1. EHRs and information exchange. EHRs bring some "inherent risks" when it comes to patient privacy if proper security safeguards and protocols aren't put in place, said Tennant. Common problems he pointed to include inappropriate access of staff to information in the system, and transfer of information between clinical sites in a non-secure manner.

2. Cyber threats. Cyber attacks, combined with inadequate staff training on how to keep information secure, are another common problem, said Sacopulos. For instance, if a staff member shares a password or fails to use a password appropriately, or if a staff member clicks on a bad link, it can raise the likelihood that your practice will be hacked.  "...When people are hacked it is most frequently [due to] human error and not technology error," said Sacopulos.

3. Remote access. Many practices enable their physicians to access their EHR from home or from other remote locations. This can raise big security issues if rigorous policies and procedures are not in place, said Tennant.

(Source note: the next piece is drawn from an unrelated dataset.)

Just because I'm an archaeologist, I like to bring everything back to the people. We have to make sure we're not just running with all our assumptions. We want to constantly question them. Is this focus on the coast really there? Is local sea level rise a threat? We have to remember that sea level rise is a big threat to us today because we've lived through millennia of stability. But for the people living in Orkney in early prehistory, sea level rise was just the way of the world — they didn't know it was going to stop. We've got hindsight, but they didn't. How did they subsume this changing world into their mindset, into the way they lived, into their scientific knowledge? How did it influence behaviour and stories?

4. Lost or stolen devices. HIPAA breaches due to lost or stolen devices containing unencrypted PHI (such as a stolen laptop) continue to be a major problem, said Tennant. In fact, he said, this is one of the most common sources of breaches.

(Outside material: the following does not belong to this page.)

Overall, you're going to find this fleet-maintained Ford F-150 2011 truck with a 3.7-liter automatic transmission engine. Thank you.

5. Texting and e-mail. Texting and e-mail are so easy and convenient that many physicians and staff may not think twice before sending information that contains unencrypted PHI, said Tennant. Of texting specifically, he said, "They think it's secure because it's only going to one person but in fact it's not secure at all."

A PROACTIVE APPROACH

To ensure your practice's technology use is not putting you and your patients at risk, Tennant recommends conducting a security risk analysis annually - at a minimum. 

"I think it probably makes sense to do an overall [analysis] probably each year, though if technology changes, for example the practice has decided to go to remote access of its EHR for the clinicians, that demands sort of a separate sub-risk assessment," he said. "So before you would go ahead and install and use the technology, you would have a long discussion with your vendor to ensure that the appropriate safeguards were in place and then train the staff thoroughly to ensure that they are adhering to these policies and procedures. You wouldn't institute it and then wait until the next year to do the risk assessment."
 
During his MGMA session, Tennant will provide more specific tips on how your medical practice can undergo a security risk analysis.

"... The old issues of making sure your front door is locked, making sure that you've trained your staff, that's been around for close to a decade, but these other technologies bring new risk and I think demand new actions," said Tennant.

Sacopulos' session, "Why Breaches Happen and How to Prevent Them," will be held on Tuesday, October 28, from 10:15 a.m. to 11:15 a.m. 

Tennant's session, “Critical HIPAA Privacy and Security Issues Impacting Medical Groups," will be held on Tuesday, October 28, from 2:45 p.m. to 3:45 p.m.